O título que Ted Bundy – A Irresistível Face do Mal ganhou em terras brasileiras poderia tranquilamente ser substituído por algo como “a sedutora face da demência”. Essa cinebiografia dirigida pelo documentarista Joe Berlinger é uma versão ficcionalizada (ou nem tanto) de um dos maiores assassinos em série da história dos Estados Unidos. No caso, Ted Bundy que, provavelmente entre 1974 e 1978, matou trinta mulheres. Pelo menos é esse o número que ele acabou confessando depois de jurar inocência por muitos anos. A polícia acredita que a lista de vítimas seja mais extensa e chegue a uma centena de mulheres assassinadas em um intervalo de tempo maior que apenas entre 1974 e 1978.

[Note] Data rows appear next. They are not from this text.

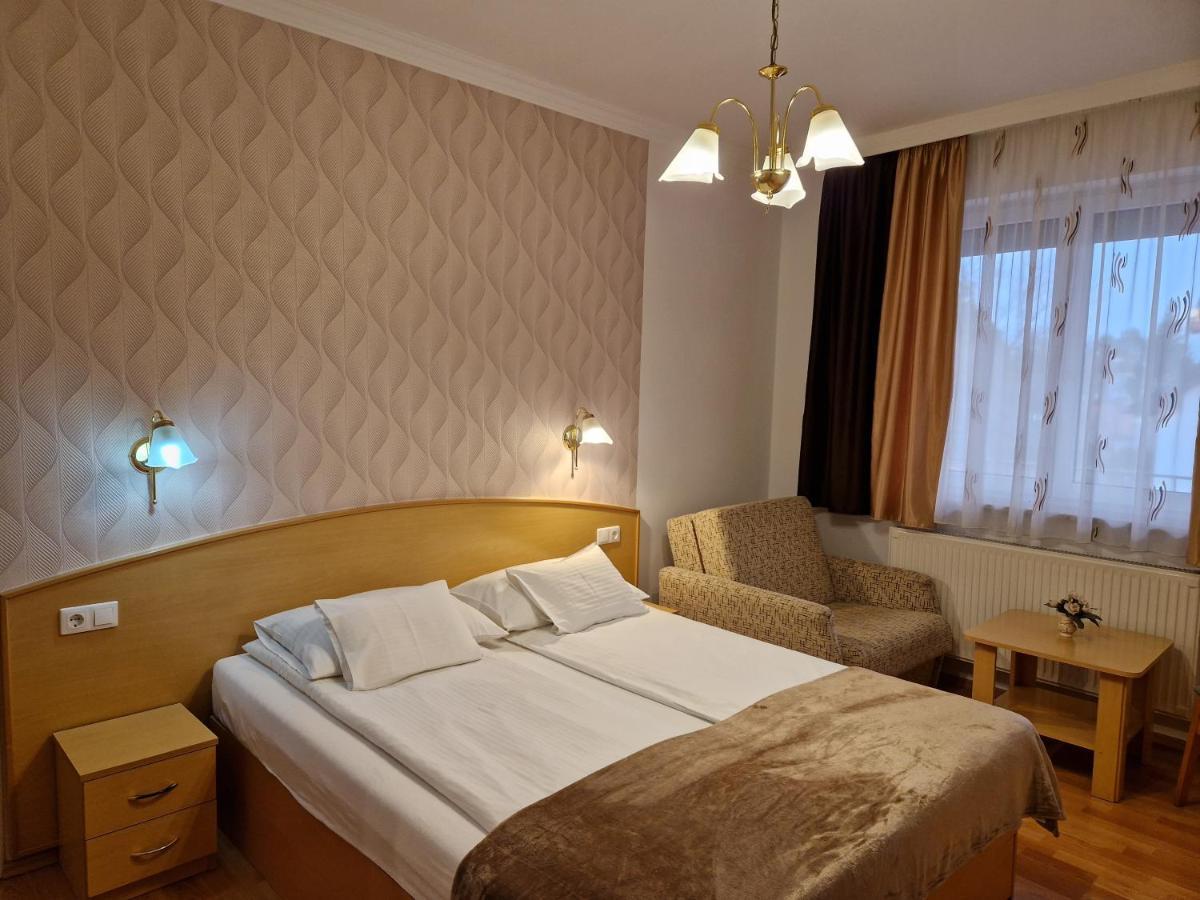 Eva Panzio Hotell Sárvár Exteriör bild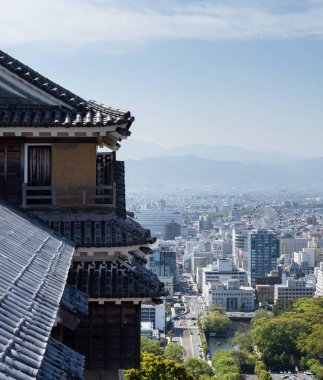 Matsuyama, Ehime ili, Japonya - 11 Nisan 2018: Matsuyama Kalesi 'nin tepesinden panoramik manzara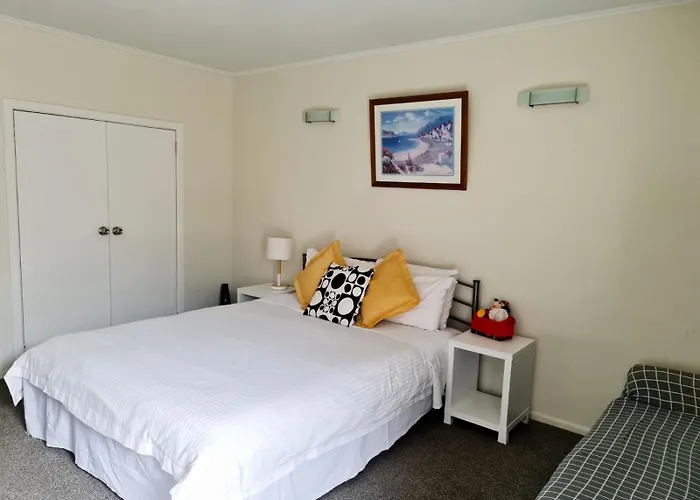 Sunny Private Studio In Central Epsom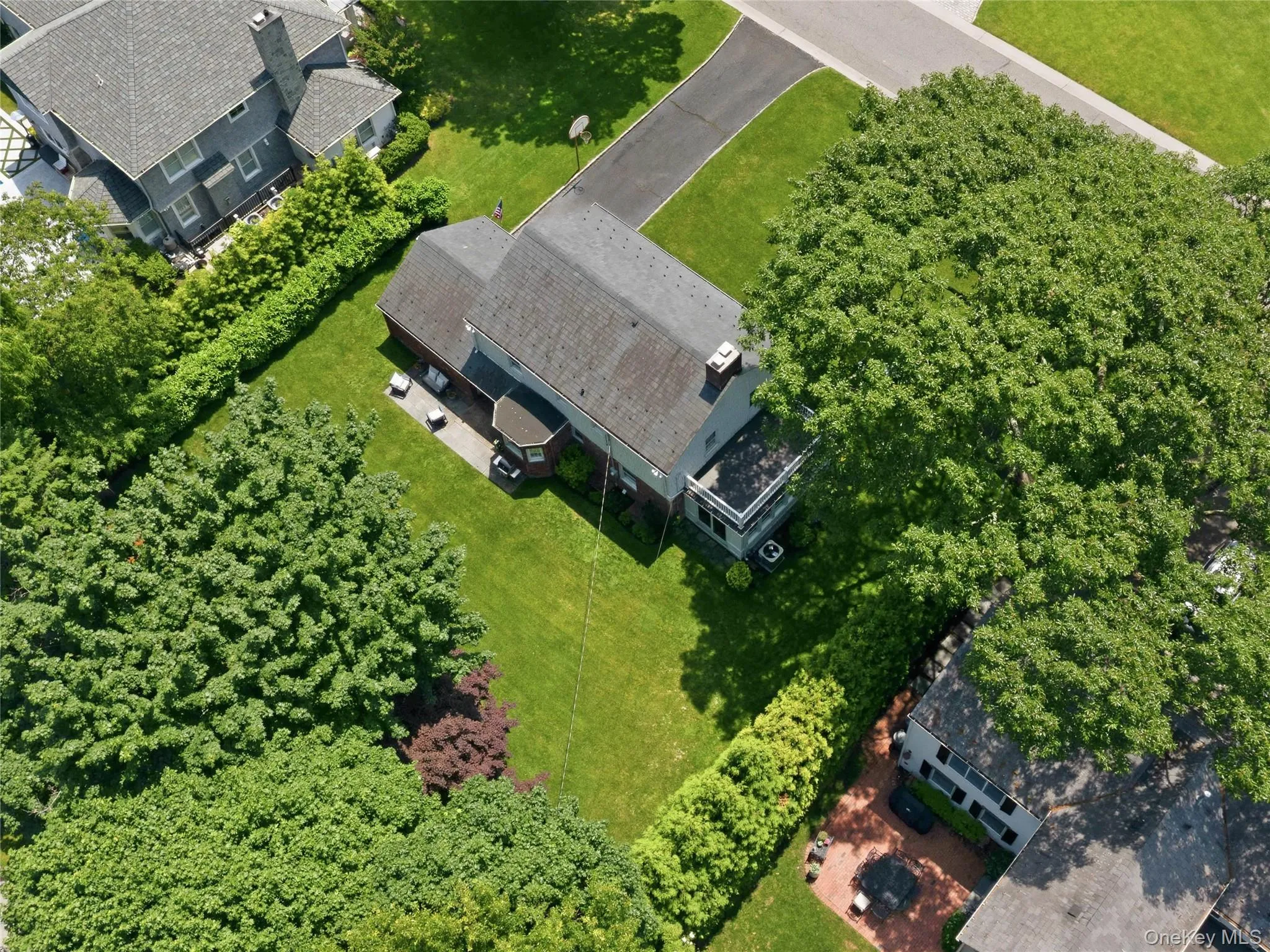107 Dogwood Lane, North Hempstead, NY, 3 Bedrooms Bedrooms, 7 Rooms Rooms,2 BathroomsBathrooms,Residential,For Rent,Dogwood,0,1010915 107 Dogwood Lane, North Hempstead, NY, 3 Bedrooms Bedrooms, 7 Rooms Rooms,2 BathroomsBathrooms,Residential,For Rent,Dogwood,0,1010915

O título original do filme, Extremely Wicked, Shockingly Evil and Vile, que pode ser traduzido como “extremamente cruel, chocantemente mal e vil”, ganhou aqui um título mais sedutor. E o título adotado no Brasil é perfeitamente coerente com o ponto de vista escolhido pelo diretor para conduzir toda a narrativa. O roteiro é baseado no livro de memórias The Phantom Prince: My Life with Ted Bundy escrito pela namorada de Ted Bundy, Elizabeth Kloepfer, sob o pseudônimo Elizabeth Kendall. No filme, ela é interpretada por Lily Collins. Por esse motivo, o trabalho de Joe Berlinger mostra uma aura muito mais sedutora do que cruel do criminoso.

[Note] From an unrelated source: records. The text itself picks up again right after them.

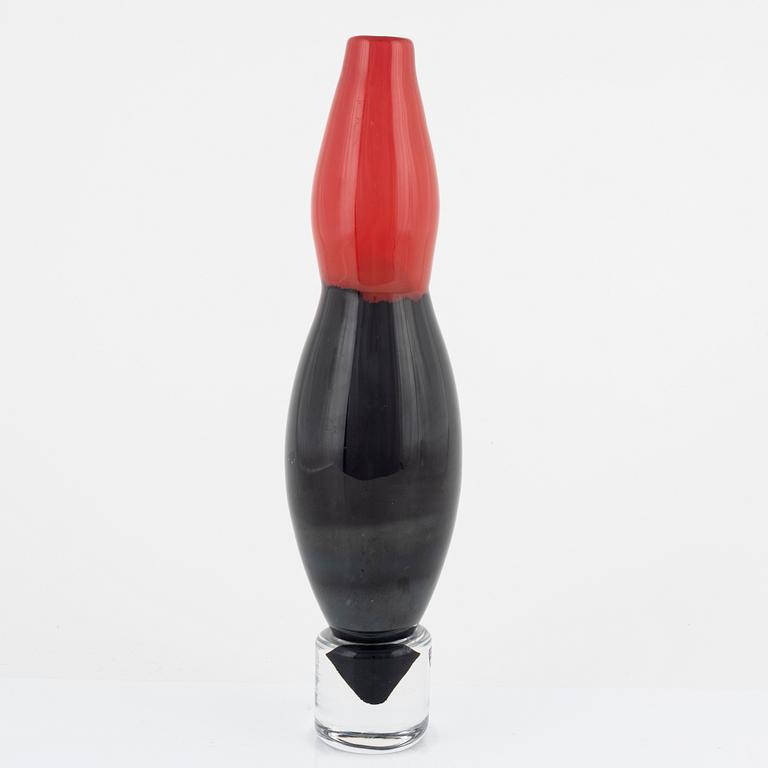 Matz Borgström, a vase, Orrefors, 1987.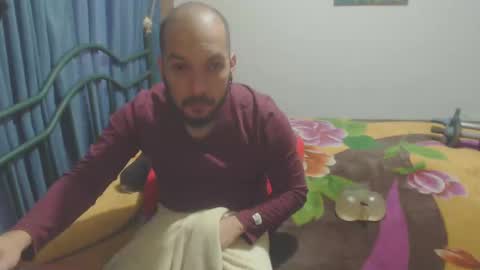 Snapshot of dinchtcams chatting on 09-17-25, 04:52 Dincht online show from 09-17-25, 04:52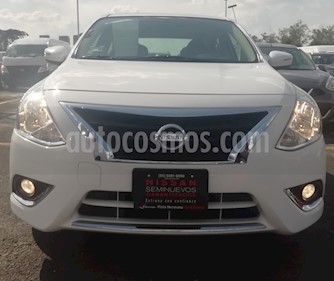 foto Nissan Versa Exclusive NAVI Aut usado (2018) color Blanco precio $210,000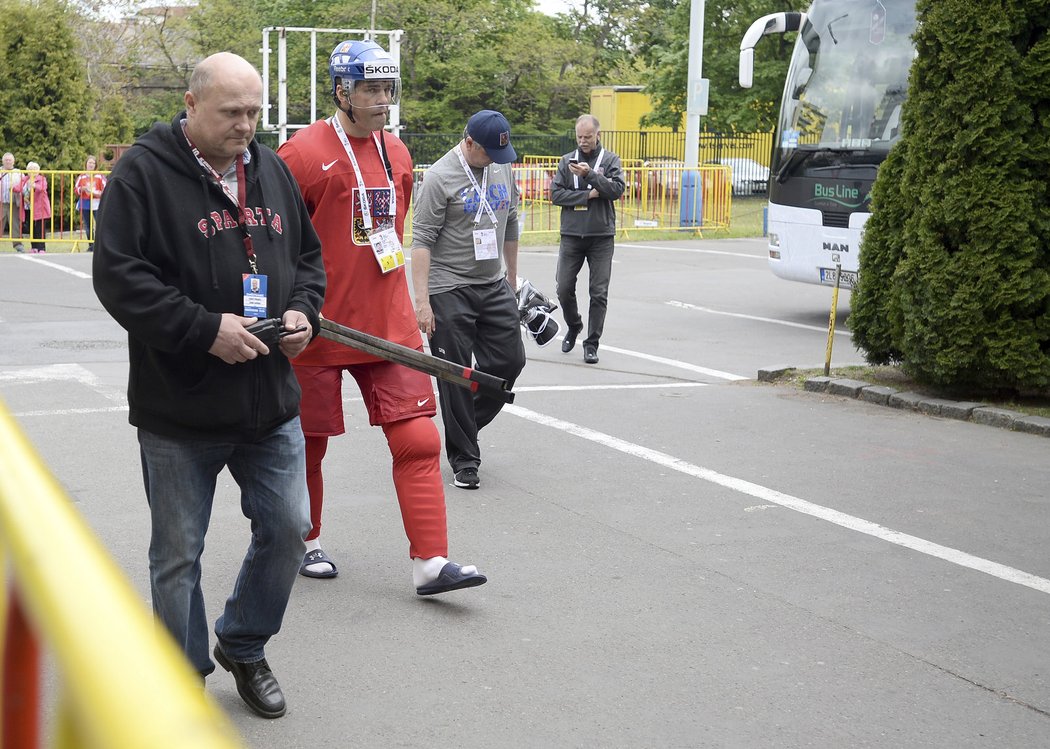 Jaromír Jágr přichází v doprovodu řidiče na trénink národního týmu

O protagonista poderia ter seguido uma carreira brilhante, auxiliando a sociedade. Mas, por motivos desconhecidos, optou por tornar-se um ser monstruoso disfarçado de bom e belo moço. É um filme desconcertante, daqueles para se sair da sala de cinema incomodado.

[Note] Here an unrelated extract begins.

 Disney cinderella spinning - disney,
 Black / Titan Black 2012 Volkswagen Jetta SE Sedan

A produção foca bem mais nos adjetivos positivos do protagonista do que em sua lista de atrocidades. Tanto que o filme praticamente não registra as cenas de violência de Ted Bundy e possui um viés narrativo que, não raras vezes, lança a dúvida se ele realmente foi capaz de ter realizado tudo o que se conta que ele fez. Quando se fala que um título alternativo para esse trabalho poderia ser “a sedutora face da demência”, está-se referindo ao caráter doentio da atuação do criminoso, que não incluía apenas homicídios, mas, também, estupros, e tudo isso aliado a mutilações e decapitações.
Mas a ótica adotada pela narrativa mostra o quanto o personagem central era educado, charmoso, carismático, bom marido e bom pai adotivo, dotado do dom de expressar-se bem e um esforçado estudante de direito. Tão esforçado que quando sua trajetória já estava tanto complicada quanto conhecida por multidões (o julgamento de Ted Bundy foi o primeiro da história dos Estados Unidos a ser transmitido pela televisão), ele chegou a dispensar advogados e fazer a própria defesa.
O direcionamento das lentes para essa face sedutora (que beira o “irresistível” adotado pelo título em português) abre margem para questionamentos e críticas a respeito da conduta ética de se glamourizar a violência. Ou de se lançar a dúvida sobre a existência dos crimes que um dos serial killers mais conhecidos acabou confessando antes de ser condenado à morte na cadeira elétrica.
Feitas as considerações sobre as questões éticas, convém comentar que, como obra de arte, o filme tem várias qualidades: a ordenação das cenas (didática e fundamentada em vários flashbacks), a fluência da história, a naturalidade dos diálogos e a entrega nas interpretações. Zac Efron está muito bem no papel do protagonista, assim, como John Malkovich interpretando o juiz Edward Cowart.
O julgamento, aliás, é um dos momentos marcantes do filme. Ao personagem de John Malkovich coube um dos destaques. Em meio às palavras proferidas para a sentença, o juiz expõe o que, certamente, boa parte do público já deve estar pensando àquela altura da projeção: “que desperdício de talento e humanidade!” O protagonista poderia ter seguido uma carreira brilhante, auxiliando a sociedade. Mas, por motivos desconhecidos, optou por tornar-se um ser monstruoso disfarçado de bom e belo moço. É um filme desconcertante, daqueles para se sair da sala de cinema incomodado.